Ebenfalls von großer Bedeutung ist das Höllentor. 1880 wurde Rodin von der französischen Regierung beauftragt, eine Serie von Türen für das Kunstgewerbemuseum in Paris zu schaffen. Der leidenschaftliche Leser von Dante Alighieri beschloss, eine Reihe von Flachreliefs zu schaffen, die die Göttliche Komödie darstellen. In diesem Fall werden Sie jedoch feststellen, dass in seiner Schöpfung nicht die Höllenkreise Dantes wiedergegeben werden, sondern eine chaotische Welt, die mehr die Hölle des menschlichen Geistes zum Ausdruck bringt, wie sie Baudelaire in seinem Gedicht Les Fleurs du Mal beschreibt.

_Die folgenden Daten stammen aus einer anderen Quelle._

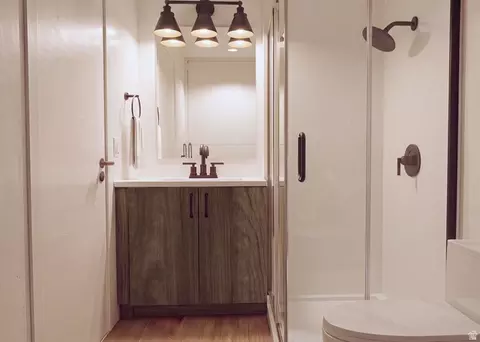 Bath - 10 E Blackwood Cv #2, Midvale, UT 84047 photo 3 of 3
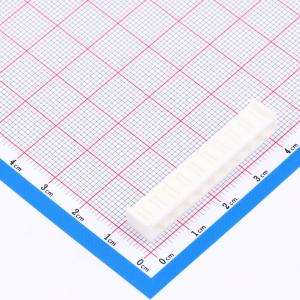 B3952H-10P商品缩略图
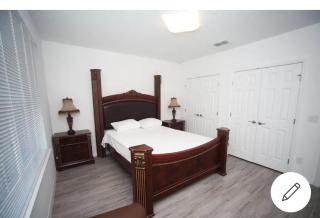 Your perfect stay - Orlando - 4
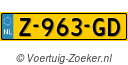 Z963GD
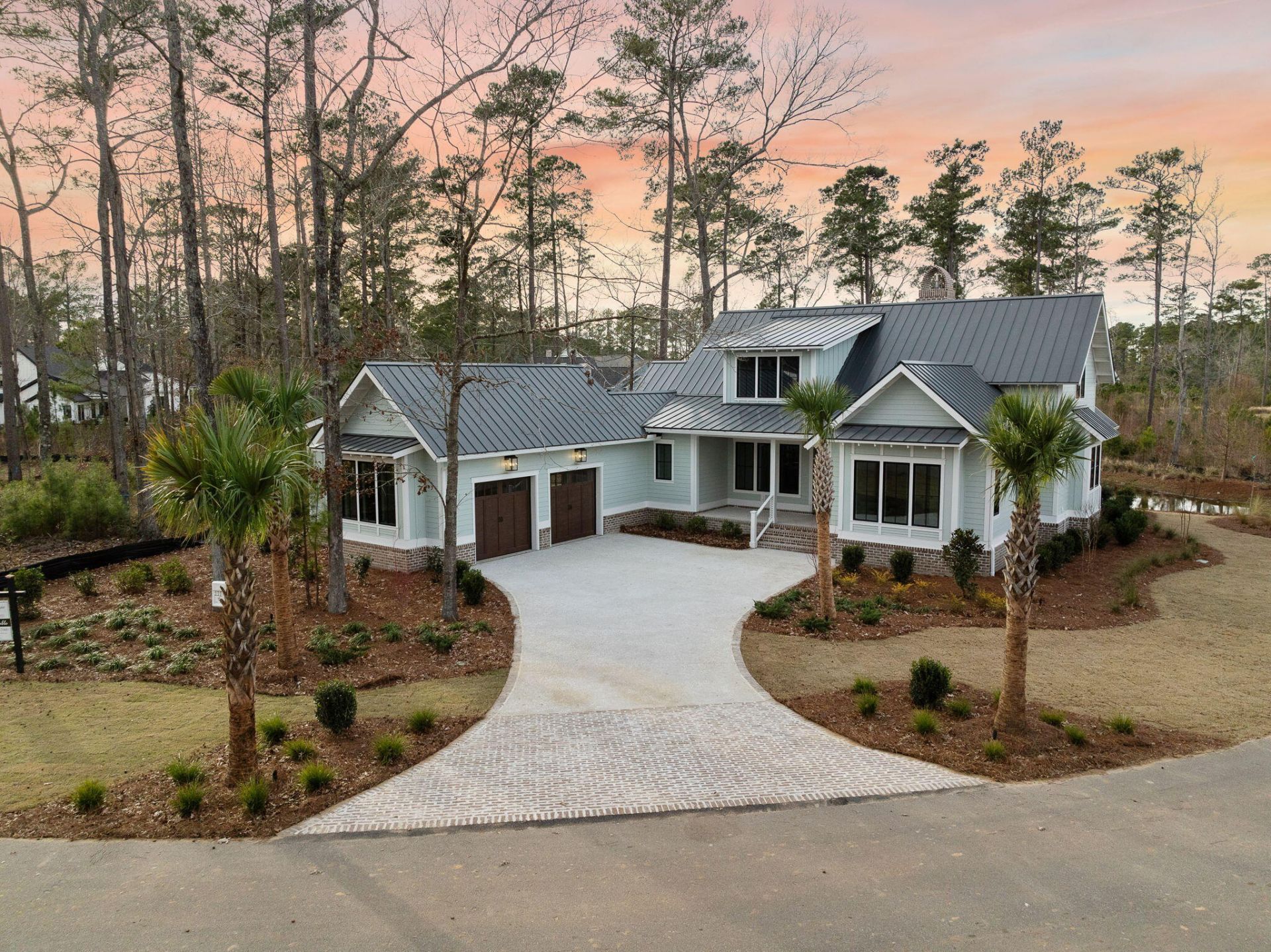 111 Peninsula Drive Photo 70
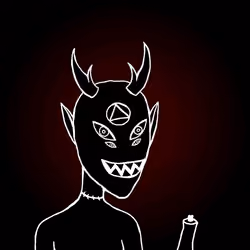 HashDemon #3425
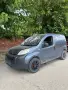 Citroen nemo 1.4HDI 2009, снимка 1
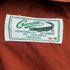 クロコダイル crocodile スイングトップ メンズ JPN:M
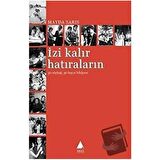İzi Kalır Hatıraların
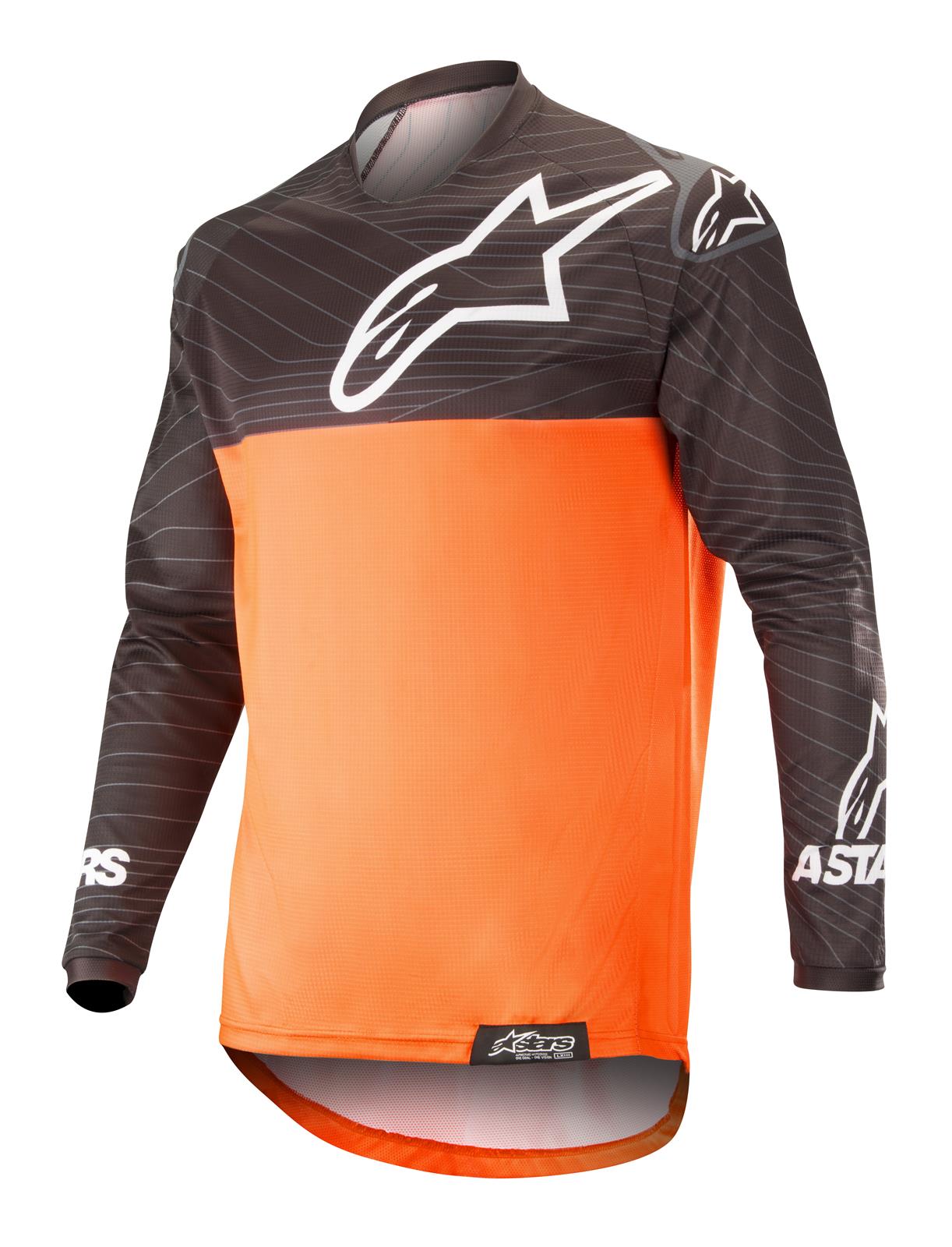 Alpinestars MX Venture-R Jerseys 3763019-451-XXL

Achten Sie nun auf die auf dem Giebel der Tür sitzende Figur. Es handelt sich um den Denker, von dem Sie im Garten auch eine monumentale Statue finden werden. In einer weiteren Audio-Datei werde ich im Details auf sie zurückkommen.
Und noch eine Kuriosität: Rodin arbeitete 37 Jahre Höllentor; der erste Bronzeguss wurde jedoch erst nach seinem Tod angefertigt.